Equipment financing, while not new, became more popular during the financial crisis. It was a way for vendors to sell their wares to small businesses on payment terms at a time when companies couldn’t find other ways to pay for needed machinery or other items.
And credit unions began to ramp up their small business lending to the extent permitted by law (from 1998 until 2017 they were only allowed to lend up to 12.25% of their assets to small businesses).
This online method of raising small amounts from large numbers of people flourished post-crisis. Crowdfunding can be in the form of gifts (e.g., Indiegogo, Kickstarter), loans (e.g., LendingClub), or equity. In 2012, President Barack Obama signed the Jumpstart Our Business Startups (JOBS) Act to enable small businesses to raise equity without registering through the SEC.
This equity crowdfunding option took some years to get into gear because of the need for SEC regulations, but it’s now up and running. A number of equity crowdfunding portals can be used to raise up to set limits.
In the decade that followed the financial crisis, the way business was done changed, with technology gaining prominence. Small businesses became attuned to online financing options, with 19% seeking online lenders in 2016, 24% in 2017, and 32% in 2018.
How Did Bank Lending to Small Business Fare After the Financial Crisis?
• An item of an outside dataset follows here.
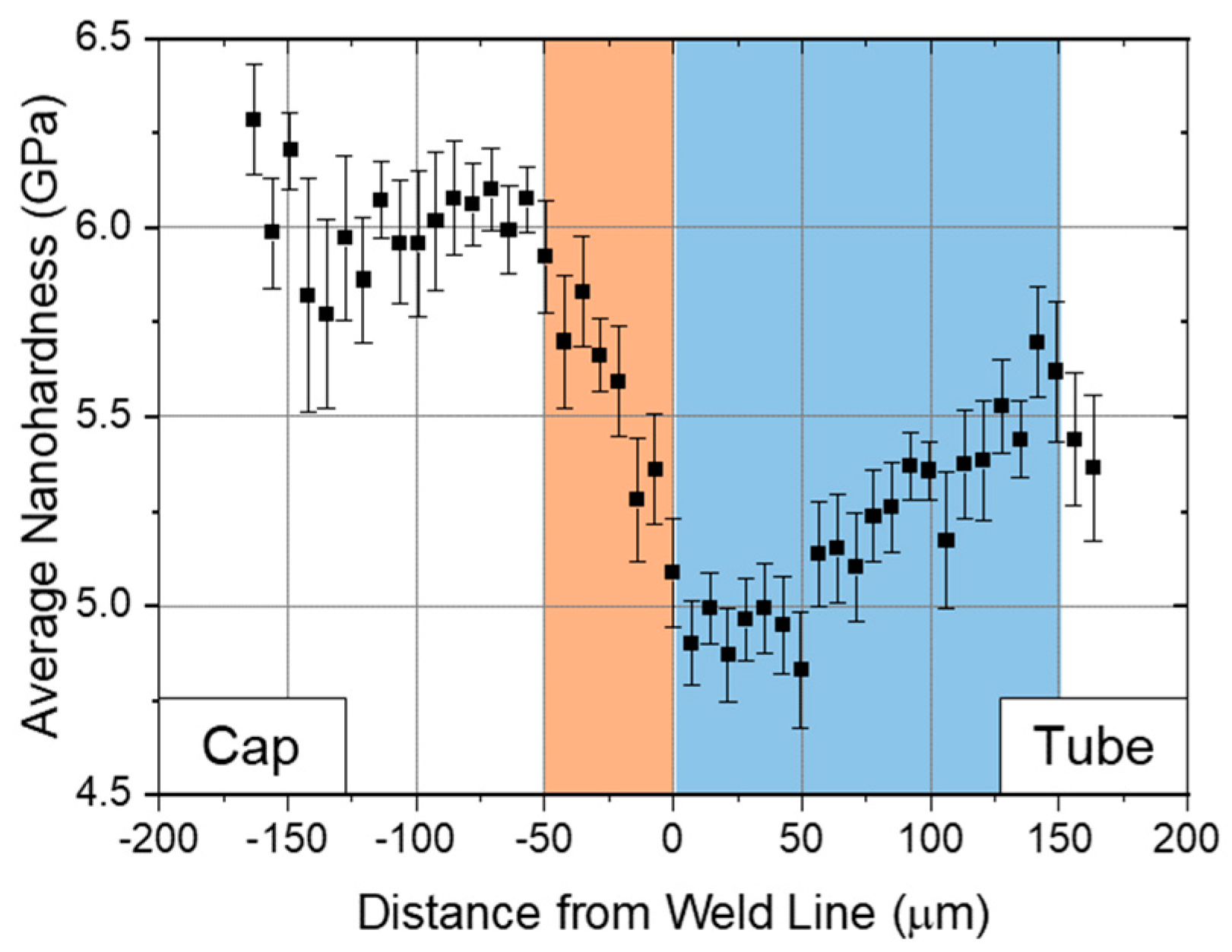 Metals 12 00023 g008 Metals 12 00023 g008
The volume of small business loans was greatly affected during and following the 2008 financial crisis. Even through the mid-2010s, researchers found that small businesses had a harder time obtaining loans and accessing credit lines compared to before the crisis.
What Is a Lesson Learned From the 2008 Financial Crisis on Small Businesses?
One of the effects the financial crisis had on small businesses was that they learned important lessons about watching debt, keeping tight reins on spending, and maintaining access to capital. In addition, new sources of financial assistance unthinkable during that crisis became available, such as crowdfunding, which are still used to this day.
What Is the Small Business Administration (SBA)?
The Small Business Administration, or SBA, was created in 1953 as an independent agency of the federal government to aid, counsel, assist and protect the interests of small businesses in the U.S. The SBA offers a variety of financial resources to small businesses including loans, entrepreneurial development, and advocacy services.
What Are the Average Interest Rates on Small Business Loans?
The average small business loan interest rate varies by the type of lender, loan product, and whether it has a fixed or variable interest rate. Check with the SBA and other lenders to get quotes.